SEBASE@Bham

Overview

Current software engineering practice is a form of human-led search for solutions which meet needs and constraints under limited resources. Often there will be conflict, both between and within functional and non-functional criteria. Naturally, like other engineers, software engineers search for a near optimal solution. As systems get bigger, more distributed, more dynamic and more critical, this labour-intensive search will hit fundamental limits. We will not be able to continue to develop, operate and maintain systems in the traditional way, without automating or partly automating the search for near optimal solutions. Automated search based solutions have a track record of success in other engineering disciplines, characterised by a large number of potential solutions, where there are many complex, competing and conflicting constraints and where construction of a perfect solution is either impossible or impractical. Software Engineering By Automated SEarch (SEBASE) is an EPSRC funded project that aims to provide a new approach to the way in which software engineering is understood and practised. The purpose is moving software engineering problems from human-based search to machine-based search. As a result, human effort will move up the abstraction chain, to focus on guiding the automated search, rather than performing it.
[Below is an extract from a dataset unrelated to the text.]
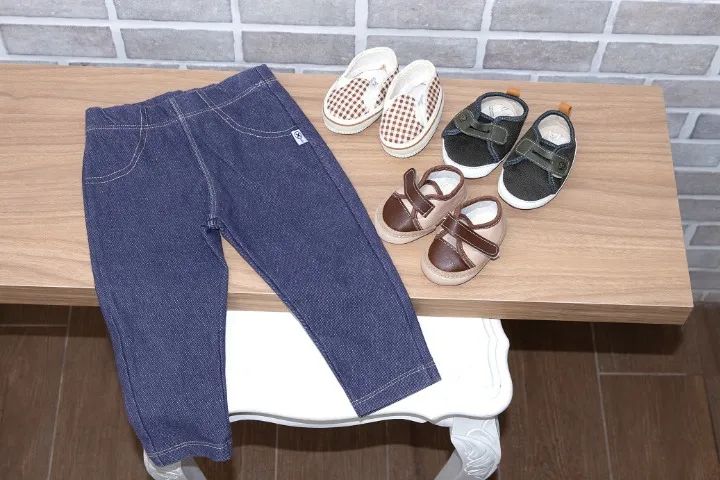 kit bebê 1 calça hering + 3 sapatinhos de pano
The work on SEBASE at Birmingham focuses on two aspects: the study of theoretical foundations of search methods and the application of the insights gained to develop more effective and efficient algorithms for large and complex software engineering problems. Research on the former aspect attempts to lay a solid theoretical framework for a deep understanding of the characteristics of software engineering problems and the most appropriate algorithms for tackling them. Such theoretical results can be used by the latter aspect to guide the design of novel search algorithms and, grounded on software engineering problems, provide feedback and empirical evidences to theory. Eventually, the outcomes from this research may lead to a benefit upon the search algorithms community by defining new real-world benchmarks and algorithms that, being originated in a realistic context, can be applied to different problems.